BRIEF DESCRIPTION OF THE DRAWINGS

(1) The disclosure will be readily understood by the following detailed description in conjunction with the accompanying drawings, wherein like reference numerals designate like structural elements, and in which:

(2) FIG. 1 shows a boule of synthetic sapphire crystal divided into a plurality of brick portions and further divided into sheets sawed from these brick portions;

(3) FIG. 2 is a side view of a laser etching a bar code on a sapphire sheet;

(4) FIG. 3 shows a top view of a bar code etched in a sapphire sheet;

(5) FIG. 4 is a side view of a laser etching a bar code on a sapphire sheet through a liquid layer;

(6) FIG. 5 is a side view of a laser etching a bar code on a sapphire sheet through a lens;

(7) FIG. 6 is a view of a smartphone with a sapphire glass display window;

(8) FIG. 7 is an alternate embodiment showing a laser etching a bar code in a brick of sapphire crystal material;

(9) FIG. 8 is a side view showing a light source illuminating a bar code in a sapphire crystal; and

(10) FIG. 9 is a flow chart illustrating a manufacturing method for sapphire crystal displays.

DESCRIPTION

(11) Reference will now be made in detail to representative embodiments illustrated in the accompanying drawings.

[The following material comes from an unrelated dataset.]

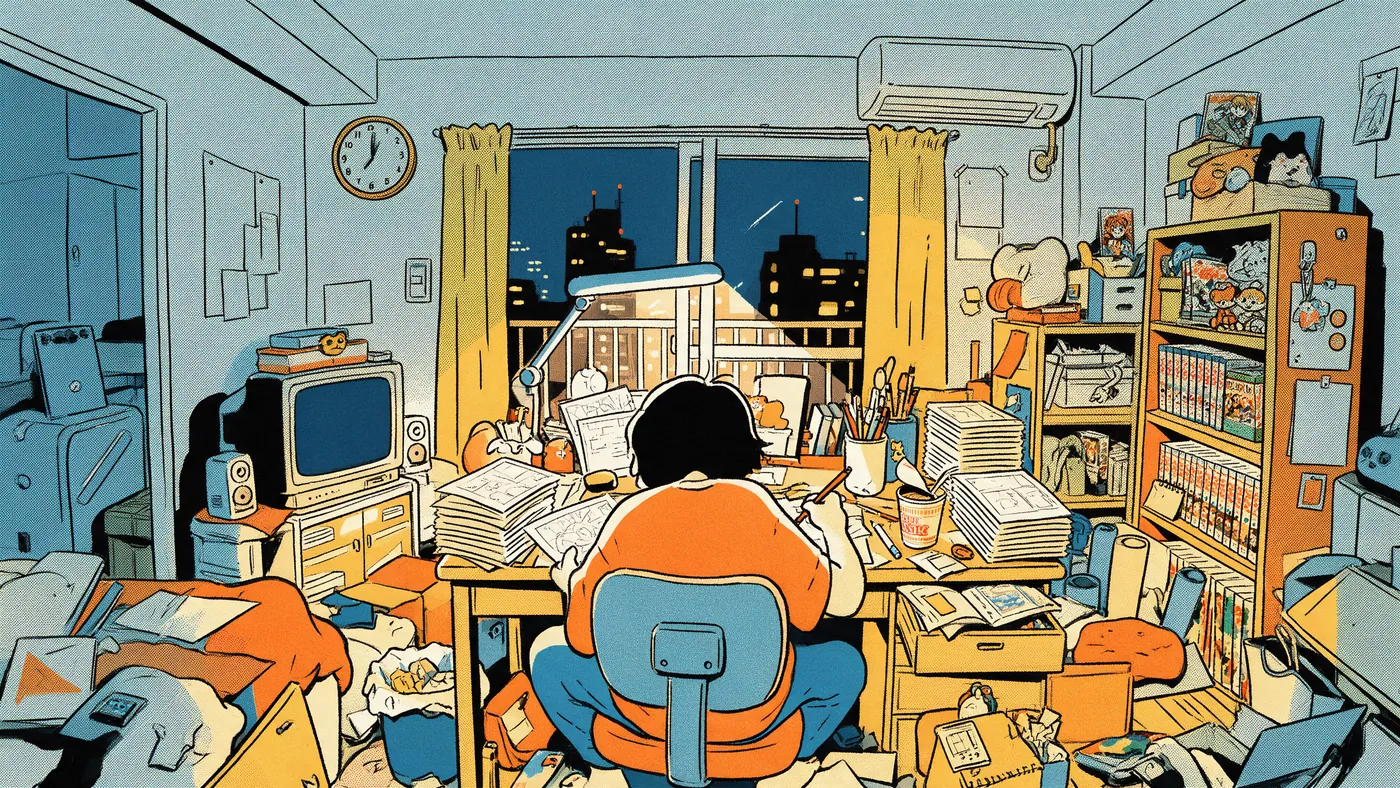 Illustrazione per l’articolo: Pagati a disegno, le condizioni di lavoro degli animatori giapponesi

It should be understood that the following descriptions are not intended to limit the embodiments to one preferred embodiment. To the contrary, it is intended to cover alternatives, modifications, and equivalents as can be included within the spirit and scope of the described embodiments as defined by the appended claims.

(12) As described herein, a laser mark may be formed within a transparent material, such as sapphire. In some embodiments, a laser mark is formed by focusing laser energy within the bulk of the material to locally destroy the structure. The local destruction of the structure may result in a change or alteration in index of refraction of the material which can render the locally-destroyed area optically or machine detectable, but difficult to see without optical aids or specific lighting conditions.

(13) In some embodiments, the laser mark is formed by damaging or altering the crystalline structure of sapphire in a very small region to create a region having a slightly different optical index. In some embodiments, a laser is used to alter the index of refraction of the material over a localized region. In some embodiments, regions created in this fashion may further reduce the visibility of the mark from common viewing angles of a user while still preserving the detectability of the bar code marking via controlled orientation lighting and imaging apparatus.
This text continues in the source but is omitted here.